#### What the task requires:
Beginning at the top of the entries below, retype each line exactly until the line containing "Reverse Trucker Cotton" has been written out; include no pictures and no later lines.

((

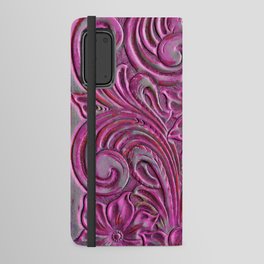 Pink tooled leather design Android Wallet Case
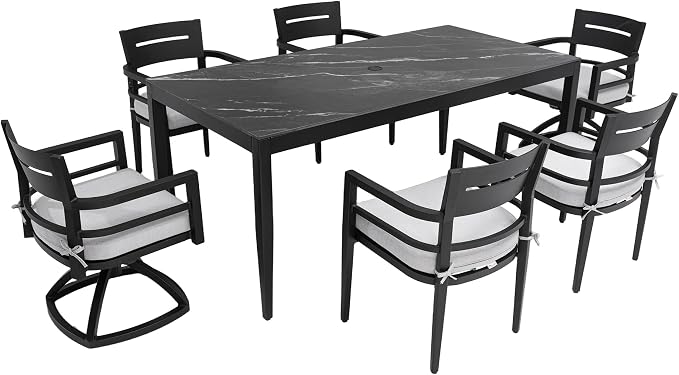 7PC Aluminum Outdoor Patio Dining Set, 71" Rectangular Dining Table with Black Marble Sintered Stone Top, 4 Chairs & 2 Cushioned Swivel Rockers, All-Weather Patio Furniture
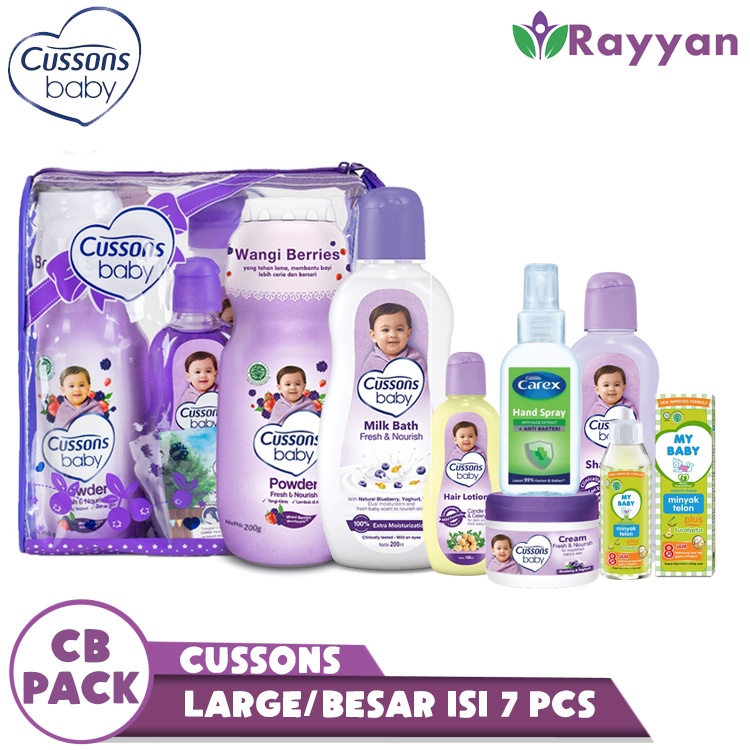Cusson Baby Gift Set Large Biru isi 6 (cleanser)/ Kado Bayi Baru Lahir Cussons Ukuran Besar(6pcs)/ Paket Kado Melahirkan Cussons / Perlengkapan Mandi Bayi isi 6 pcs (cleanser)-Ungu+Telon
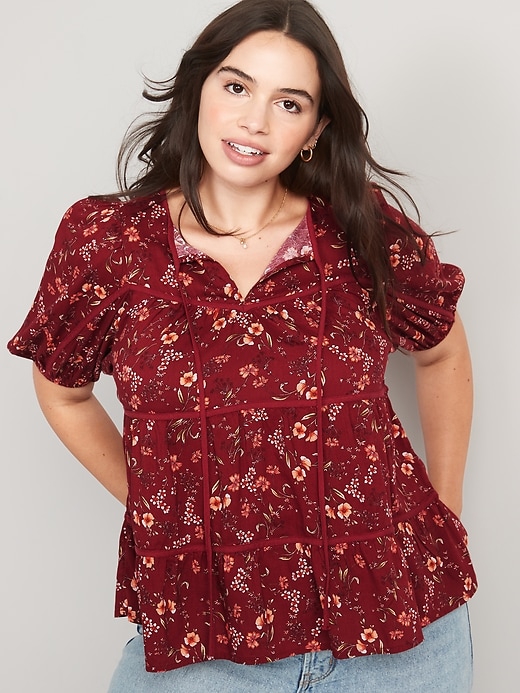 Image number 5 showing, Puff-Sleeve Floral Tiered Swing Blouse for Women
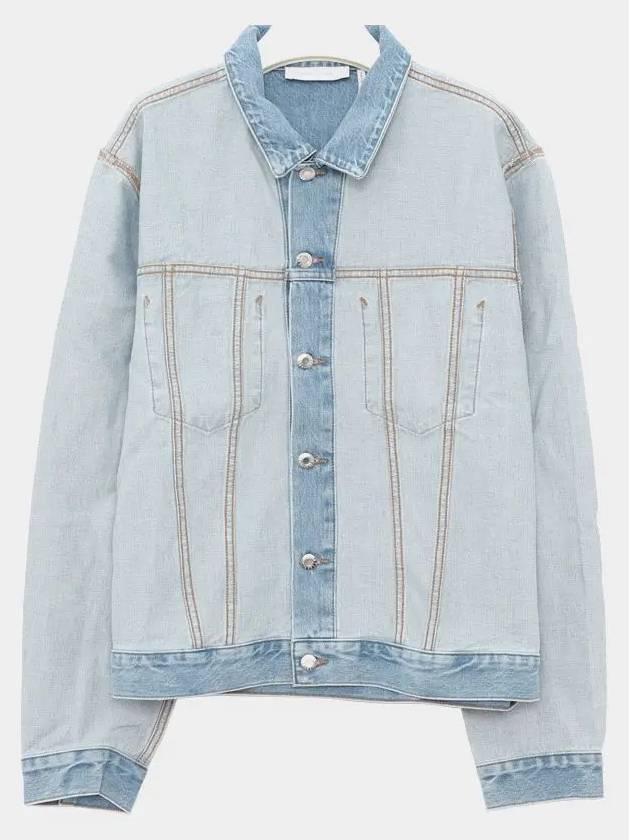 Reverse Trucker Cotton Denim Jacket Light Wash - HELMUT LANG - BALAAN 4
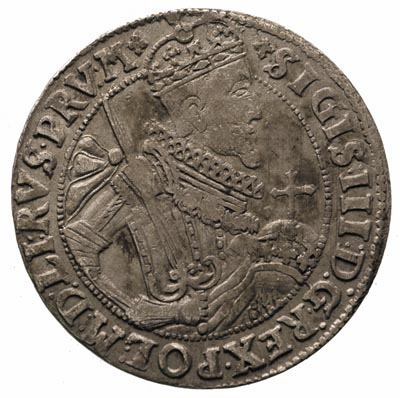 ort 1623, Bydgoszcz, wąska głowa króla,  w koronie nad tarczą herbową dwa krzyżyki, ciekawa odmiana w tarczy herbowej brak poprzeczki, patyna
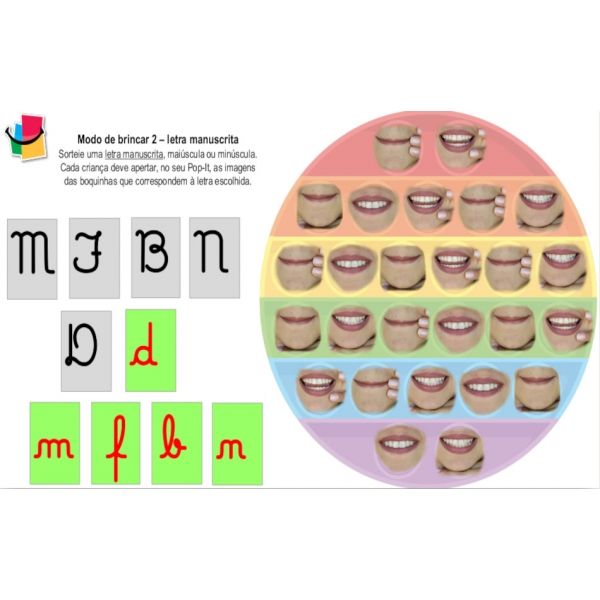 POP-IT – Bingo Tipo de Letras M-F-B-N-D - Fixação dos 6 tipos de letras, imprensa, manuscrita e script (maiúsculas e minúsculas) - MDB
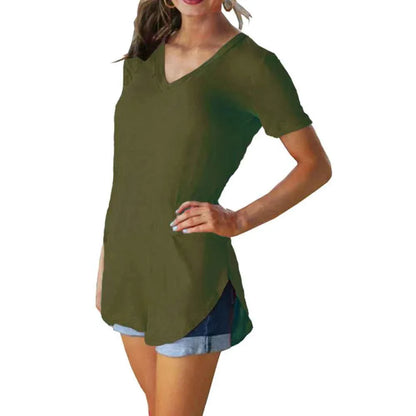 Summer solid color blouse V-neck short sleeve loose T-shirt hem arc women clothes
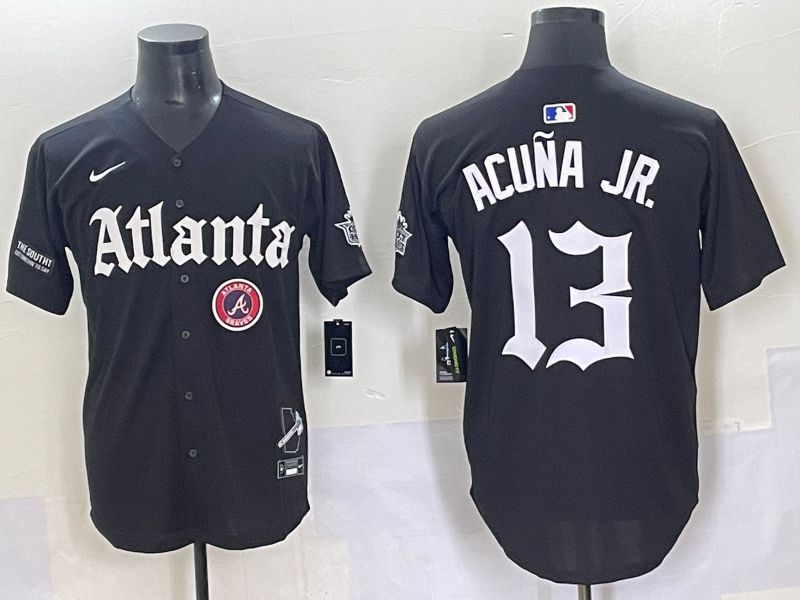 Men 2025 Atlanta Braves #13 Acuna jr Black Five generations Joint Name Nike MLB Jersey style 15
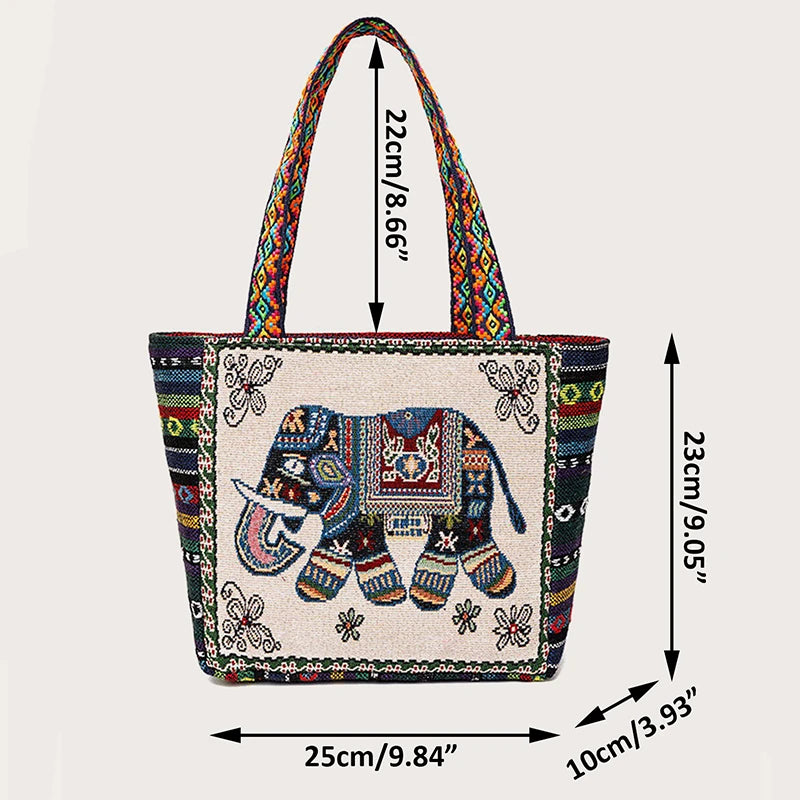 Ethnic Style Shoulder Bag, Canvas Embroidery Elephant Office Handbag Casual Travel Storage Tote Bag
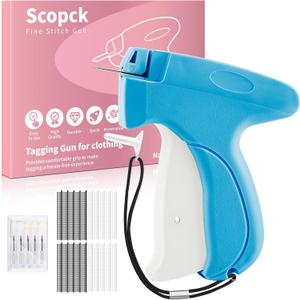 Stitch for Clothes - Handheld Stitch Quick Clothing Fixer - Mini Sewing Kit Micro Tagging - Includes 6 Needle, 1000 Black Fasteners & 1000 White Fasteners (Blue-White)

))

#### Task solution:
 Pink tooled leather design Android Wallet Case
 7PC Aluminum Outdoor Patio Dining Set, 71" Rectangular Dining Table with Black Marble Sintered Stone Top, 4 Chairs & 2 Cushioned Swivel Rockers, All-Weather Patio Furniture
Cusson Baby Gift Set Large Biru isi 6 (cleanser)/ Kado Bayi Baru Lahir Cussons Ukuran Besar(6pcs)/ Paket Kado Melahirkan Cussons / Perlengkapan Mandi Bayi isi 6 pcs (cleanser)-Ungu+Telon
 Image number 5 showing, Puff-Sleeve Floral Tiered Swing Blouse for Women
 Reverse Trucker Cotton Denim Jacket Light Wash - HELMUT LANG - BALAAN 4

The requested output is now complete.